Zunächst das Opfer einer Mutter, die selbst das Opfer eines Lazarett- und Hungerlager-Wracks des Zweiten Weltkriegs gewesen ist, sowie eines duckmäuserischen Vaters, der den Psychoterror, der in meinem Elternhaus von meinem ca. zwölften bis zwanzigsten Lebensjahr von der Mutter ausgeübt wurde (ohne dass diese Mutter übrigens im ideologischen Sinne Feministin gewesen wäre – sie wär einfach Lehrerin mit ausgeprägtem Hang zur Besserwisserei), ohne den Hauch eines Aufbegehrens entschuldigt und gerechtfertigt hat, sodann zehn Jahre lang (bis zum Ende meines Studiums) vollständig beziehungsunfähig, weil ich mit einer vollständig ruinierten männlichen Selbstachtung ins Erwachsenenleben gestartet bin. Zeitweise Angehöriger einer profeministischen Männergruppe – vom Typ lila Pudel, weil es damals schlicht nichts anderes gab, wenn man sich mit männlichen Identitätsproblemen auseinandersetzen wollte, und im Umfeld sozialwissenschaftlicher Fachbereiche natürlich mit dem Piranhabecken des lokalen Radikal- und weniger Radikalfeminismus zwangsläufig vertraut.

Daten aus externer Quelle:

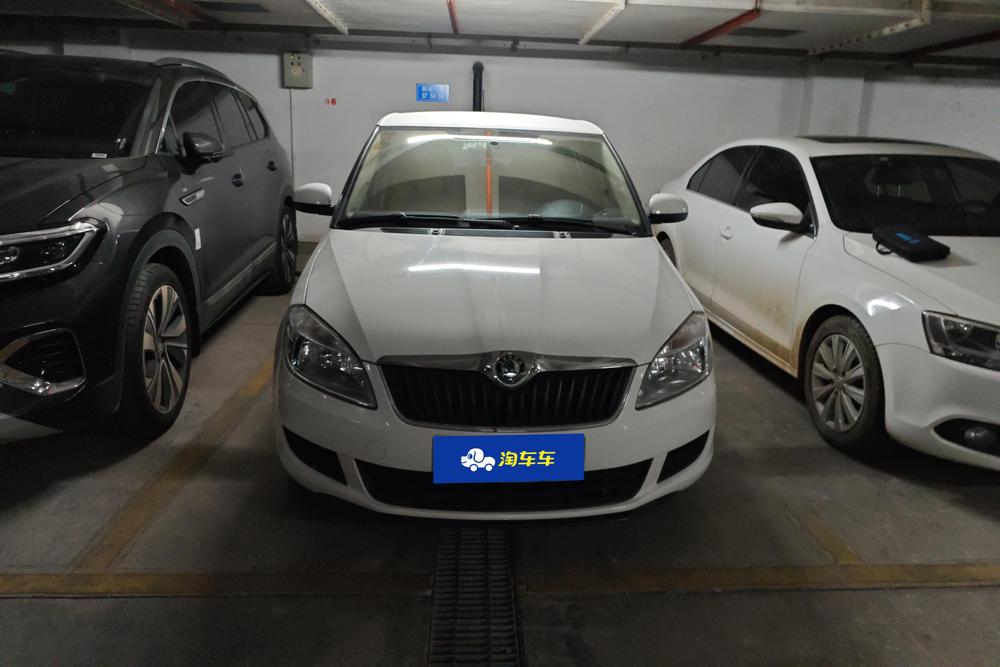 Skoda Fabia, фото 2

Anschließend zehn Jahre Ehe (und zwei Kinder) mit einer Osteuropäerin, die sehr stark zwischen Anhänglichkeit und emotionalem Terror changierte – aber hier zumindest am Ende eine konstruktive und einvernehmliche Trennung nach Mediation mit hälftig geteilter Zuständigkeit für die Kinder – also immerhin kein abservierter Vater und ein konstruktiver Umgang mit der Ex. Aber auch in dieser Zeit zeitweise Mitglied eines Elterninitiativkindergartens, in dem eine milde (eher mitleidige) Form der Männerverachtung recht verbreitet war – so in der Art »(Stoßseufzer) Wir wissen ja, dass die Männer nichts taugen, aber wir mögen sie trotzdem und arrangieren uns halt damit.«

Das, was sie in Ihrem Buch beschreiben, gehört für mich somit seit knapp fünfunddreißig Jahren zum biografischen Hintergrundrauschen – so lange, dass ich fast nichts anderes kenne und eigentlich immer nur private Nischen gefunden habe, um das einigermaßen abzuwettern. Die (Wieder-)Gewinnung meiner zuerst familiär beschädigten und sodann kontinuierlich unter »kultureller Last« stehenden männlichen Selbstachtung ist für mich ein Lebensthema, das nahezu meine gesamte Biografie eingefärbt hat – und auch jetzt wieder eine Rolle spielt, da ich erst einmal eine neue Partnerin finden muss, die in der Lage ist, einen Teilzeitvater zu verkraften, dessen Loyalität zu erheblichen Teilen den eigenen Kindern gehört.

Ich freue mich auch, dass Sie eine gemäßigte Position zum Thema einnehmen und nicht Radikalismus mit Radikalismus zu vergelten suchen – die moderne Gesellschaft ist von Anfang an eine, die vom Thema der Emanzipation getragen wird, und diesem »Projekt« fühle ich mich verpflichtet, auch wenn die Frauenbewegung ihren emanzipatorischen Impuls mittlerweile erschöpft hat und zu einem reaktionären Establishment degeneriert ist.

Und jetzt schicken Sie mir doch bitte noch Ihre Kontoverbindung, denn Ihr erstes Buch zum Thema hätte ich gerne auch noch. Und falls Sie ein weiteres Buch zum Thema schreiben, werde ich das blind im Handel vorbestellen.